◆ **Exercise requirements**: Your answer must be the full listing below, restated word for word, with no pictures in it.

+---+

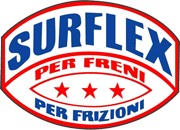 SURFLEX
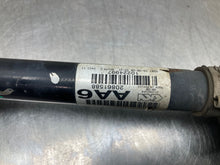 Load image into Gallery viewer, FRONT CV AXLE SHAFT Cadillac SRX 2010 10 2011 11 Left - NW455901
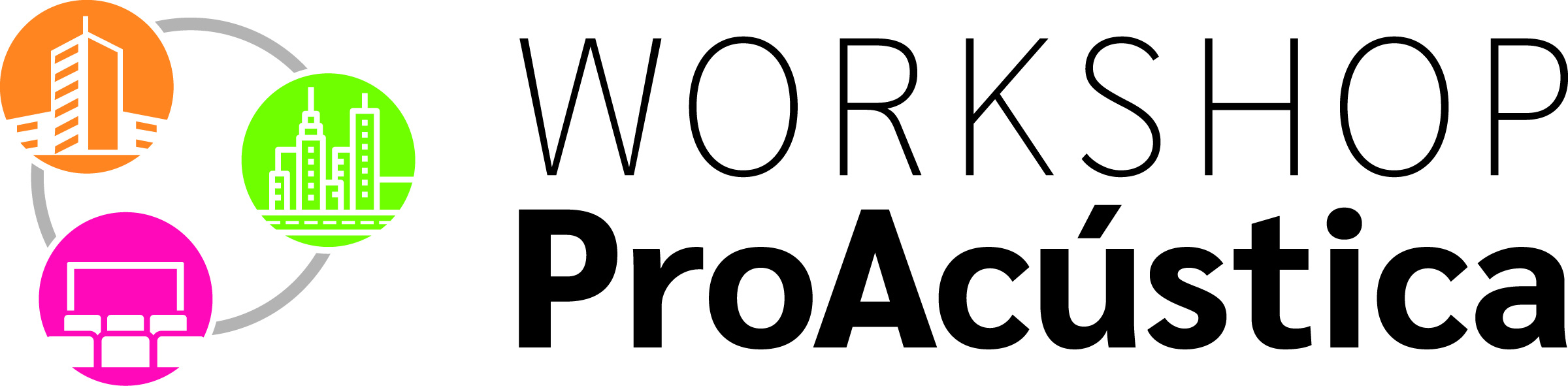 Workshops ProAcústica online e gratuitos seguem em 2022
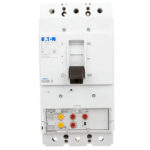 2cd9dc00befeb85f0edb5eb749a43ae8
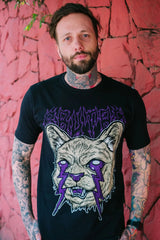 Camiseta - Active - Four Street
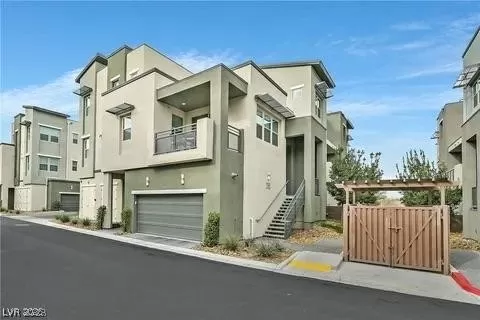 MLS: 2716429 Condo For Sale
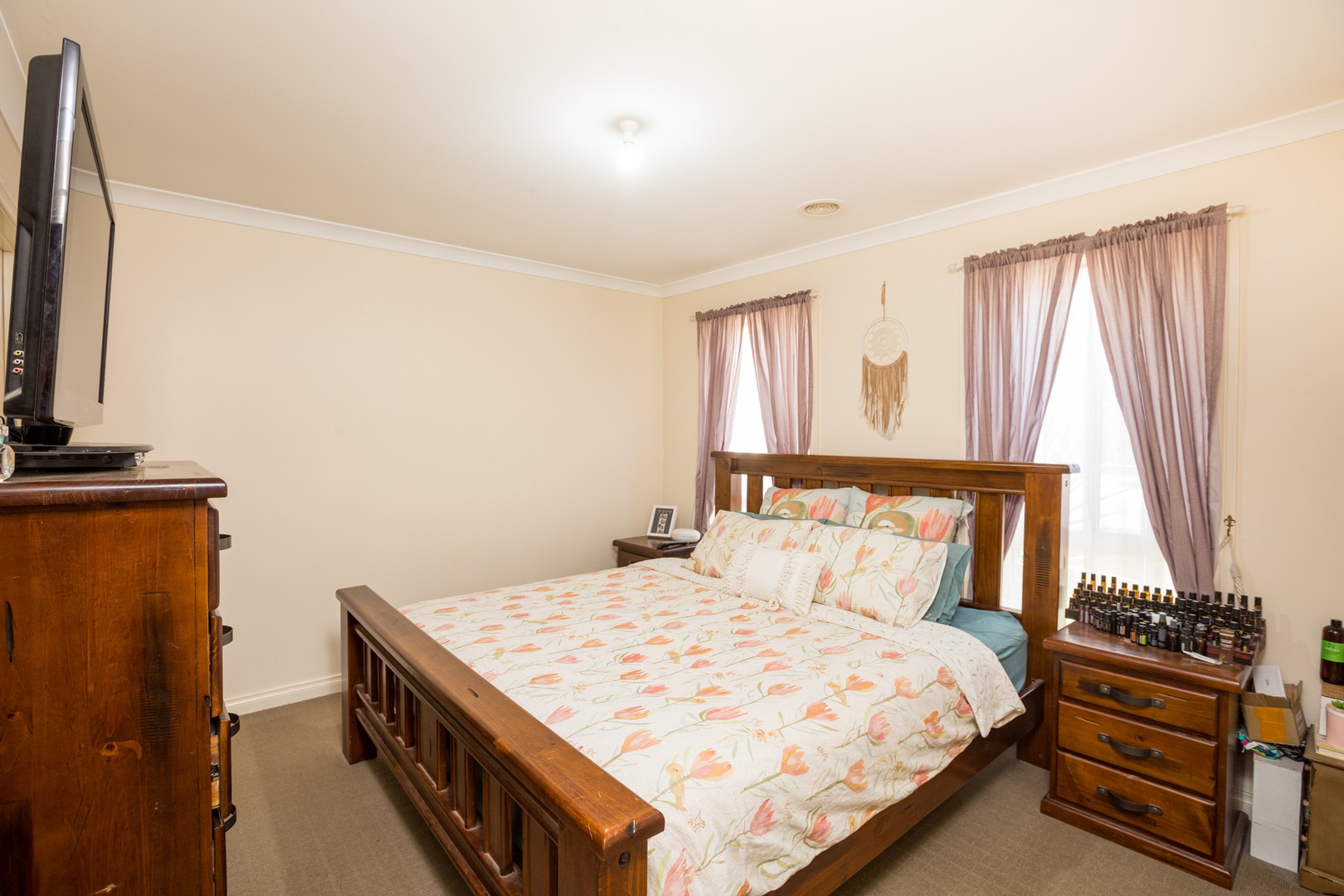 8 Spitfire CourtMildura, VIC 3500, Mildura - Thumbnail 7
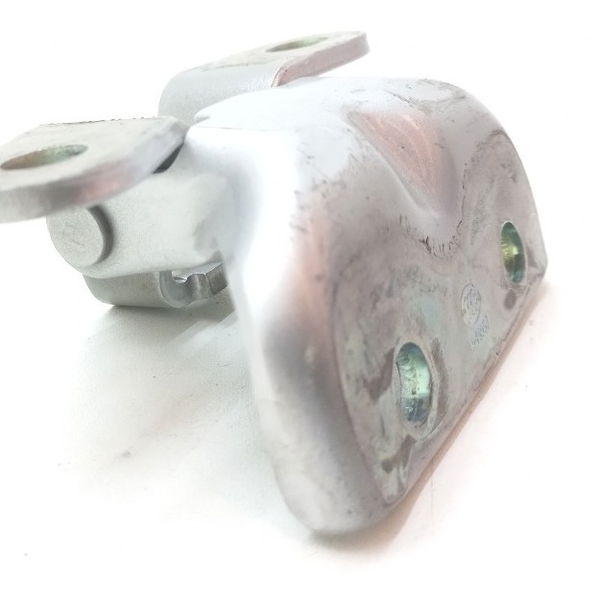 Dobradiça Porta Direita Ford Ka Se 1.0 2015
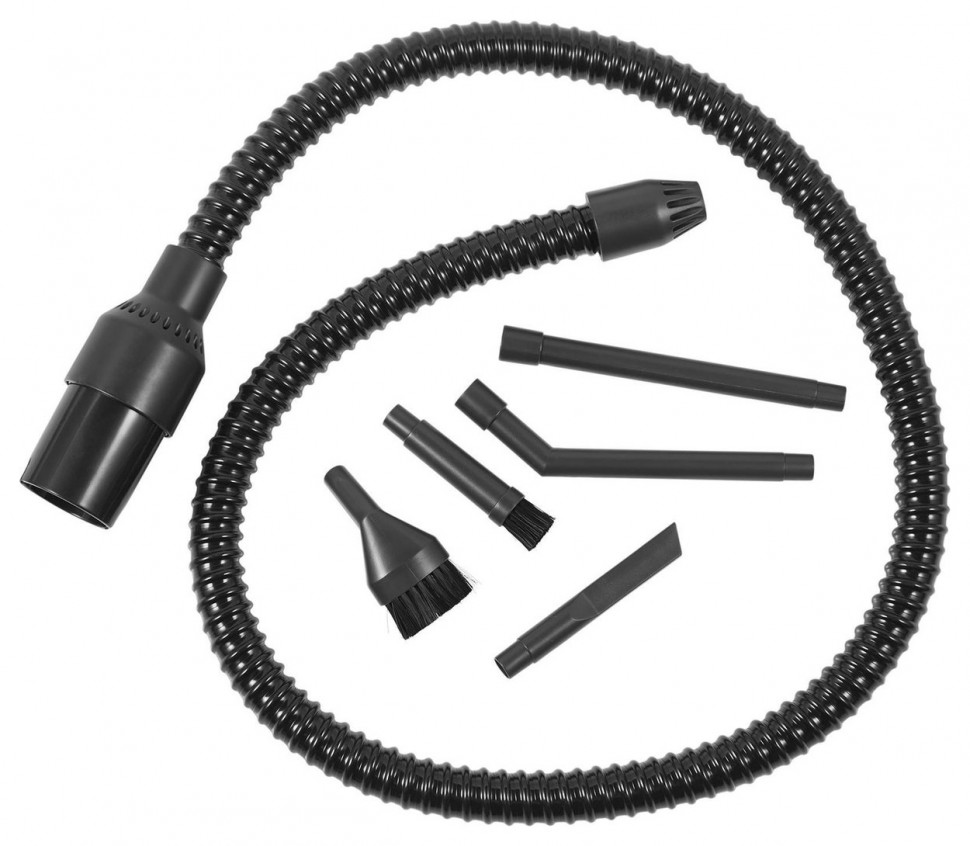 Ручной цилиндрический пылесос без мешка Shark Anti Hair Wrap (CZ250EUT)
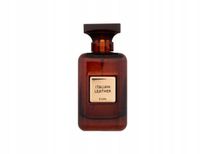 Flavia Eau De Parfum / 100 ml / Unisex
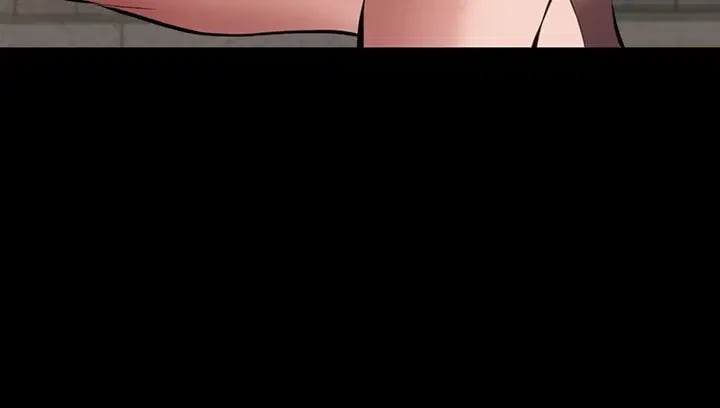 I Want To Work Quietly Raw - Chapter 41 Page 32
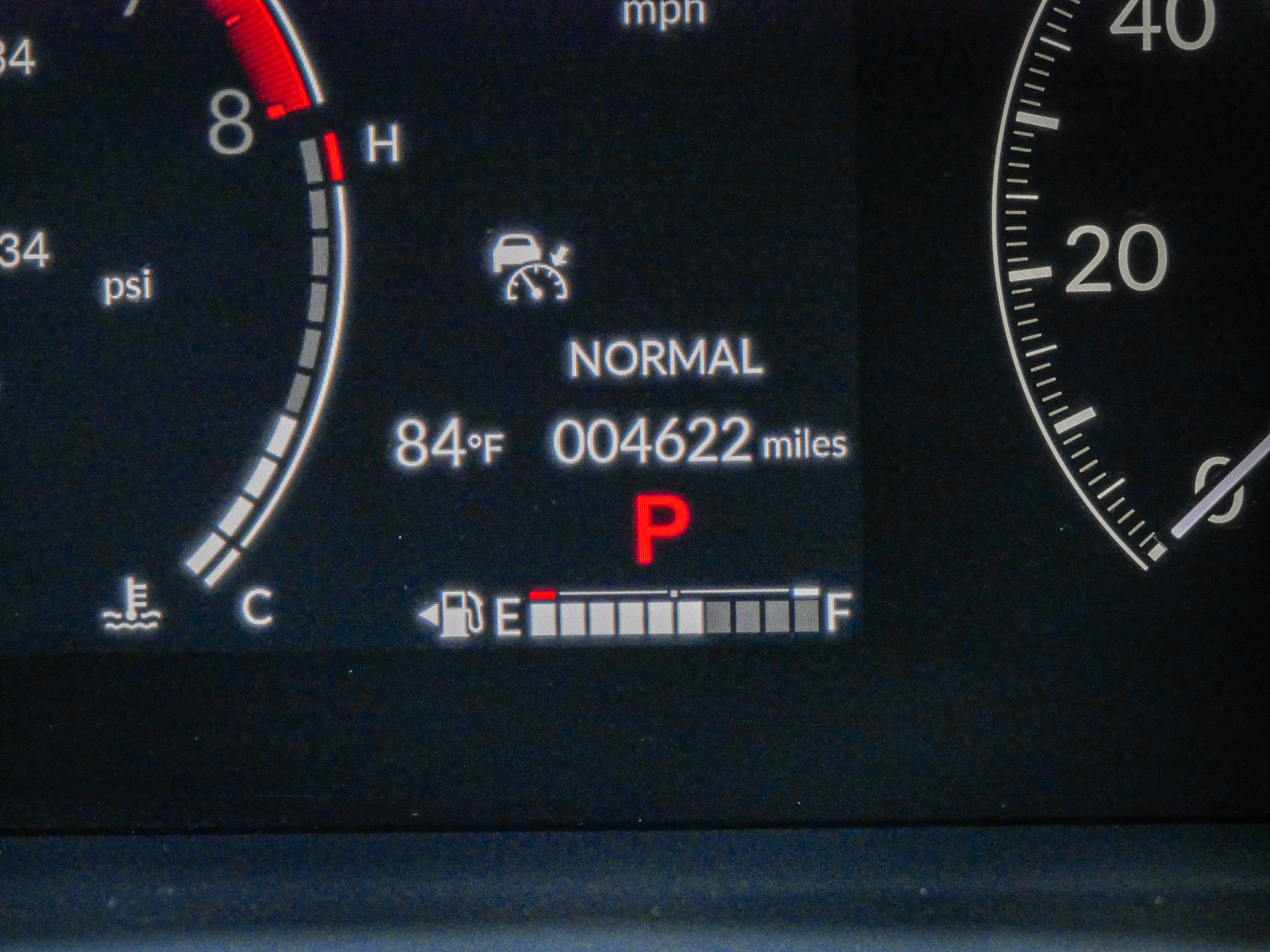 Used 2025 Honda Ridgeline RTL image 22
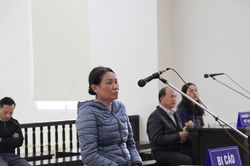 Vụ án tại Thái Bình mà Đường 'Nhuệ' là 'người làm chứng': Yêu cầu của tòa phúc thẩm đã được CQĐT làm rõ hay chưa?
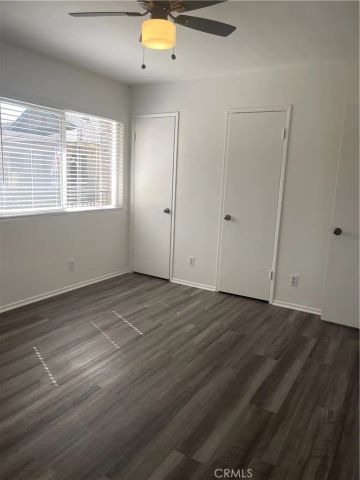 119 17th Street C, Huntington Beach, CA 92648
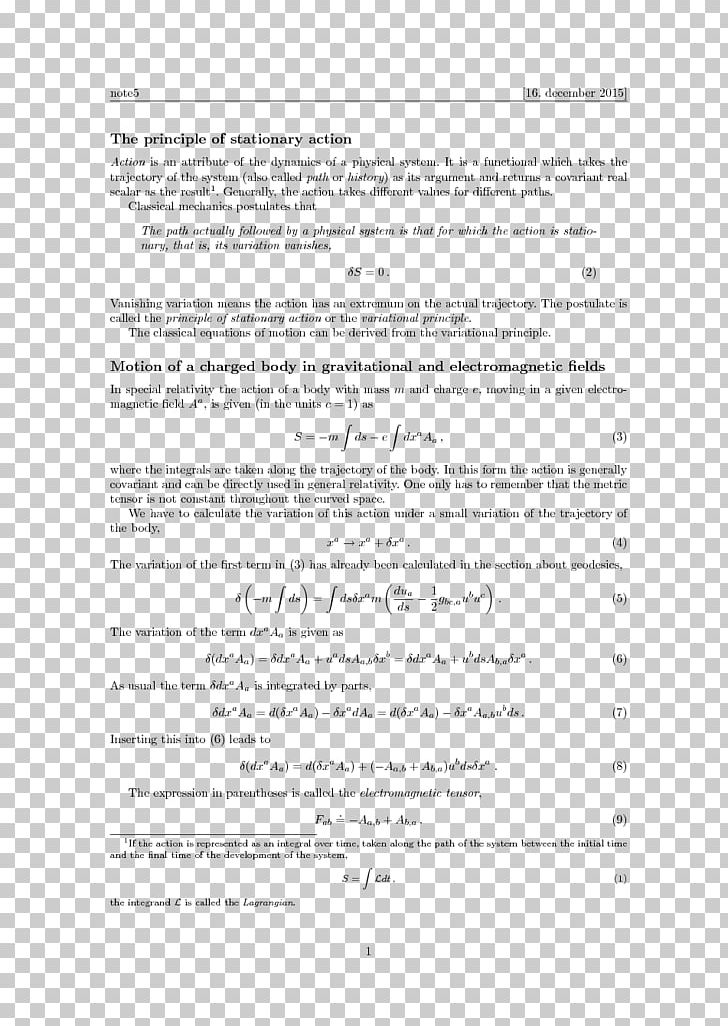 Document Line Angle PNG, Clipart, Angle, Area, Art, Diagram, Document Free PNG Download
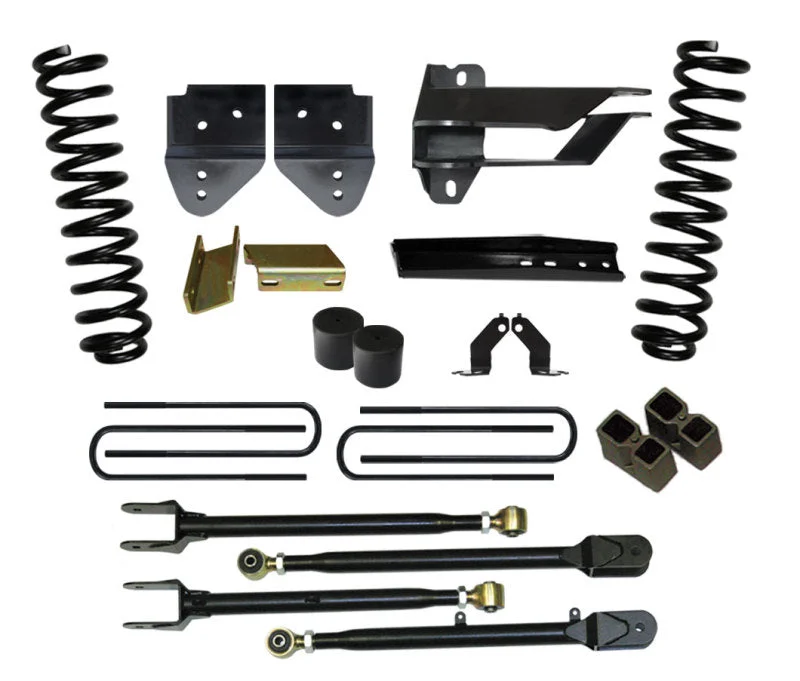 fassmotorsports53742579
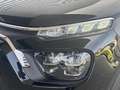 Citroen C3 Max 1.2 Turbo 110pk EAT6 | KEYLESS ENTRY | CAMERA Schwarz - thumbnail 38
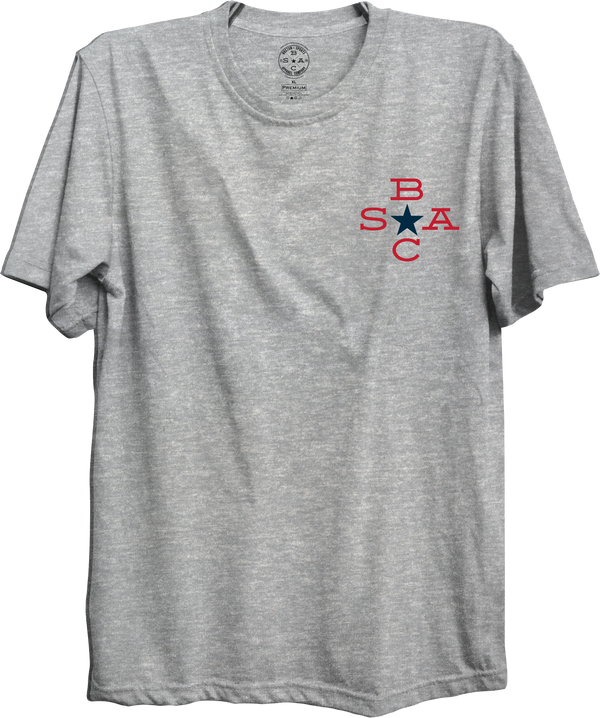 Boston Sports Top 100 T-Shirt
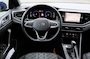 Volkswagen Polo 1.0 TSI DSG R-Line / Panodak/ IQ LED/ 18 Inch LM/ Camera/ Navi/ App-connect/ Key-less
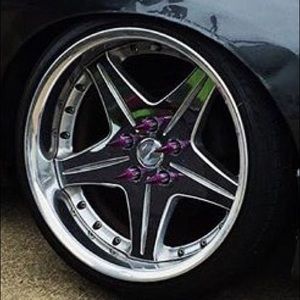 Meet your Posher, Jerrod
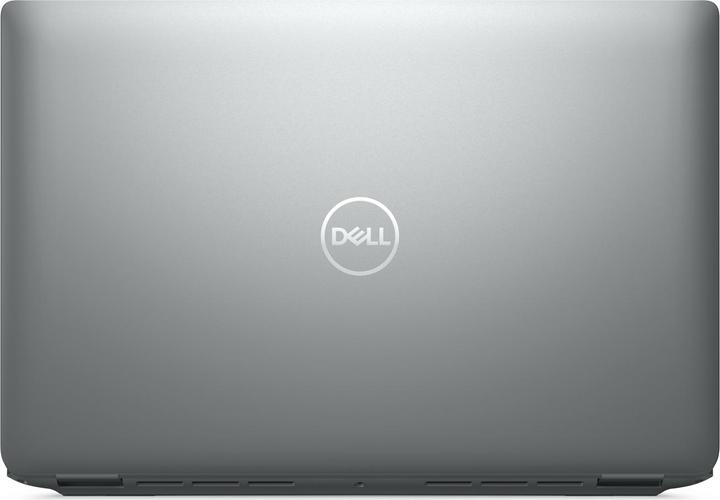 Actual product image Dell Precision 3490 (14", Intel Core Ultra 7 155H, 16 GB, 512 GB, DE)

+---+

◆ **Answer box**:
 SURFLEX
 Load image into Gallery viewer, FRONT CV AXLE SHAFT Cadillac SRX 2010 10 2011 11 Left - NW455901
 Workshops ProAcústica online e gratuitos seguem em 2022
 2cd9dc00befeb85f0edb5eb749a43ae8
 Camiseta - Active - Four Street
 MLS: 2716429 Condo For Sale
 8 Spitfire CourtMildura, VIC 3500, Mildura - Thumbnail 7
 Dobradiça Porta Direita Ford Ka Se 1.0 2015
 Ручной цилиндрический пылесос без мешка Shark Anti Hair Wrap (CZ250EUT)
 Flavia Eau De Parfum / 100 ml / Unisex
 I Want To Work Quietly Raw - Chapter 41 Page 32
 Used 2025 Honda Ridgeline RTL image 22
 Vụ án tại Thái Bình mà Đường 'Nhuệ' là 'người làm chứng': Yêu cầu của tòa phúc thẩm đã được CQĐT làm rõ hay chưa?
 119 17th Street C, Huntington Beach, CA 92648
 Document Line Angle PNG, Clipart, Angle, Area, Art, Diagram, Document Free PNG Download
 fassmotorsports53742579
 Citroen C3 Max 1.2 Turbo 110pk EAT6 | KEYLESS ENTRY | CAMERA Schwarz - thumbnail 38
 Boston Sports Top 100 T-Shirt
 Volkswagen Polo 1.0 TSI DSG R-Line / Panodak/ IQ LED/ 18 Inch LM/ Camera/ Navi/ App-connect/ Key-less
 Meet your Posher, Jerrod
 Actual product image Dell Precision 3490 (14", Intel Core Ultra 7 155H, 16 GB, 512 GB, DE)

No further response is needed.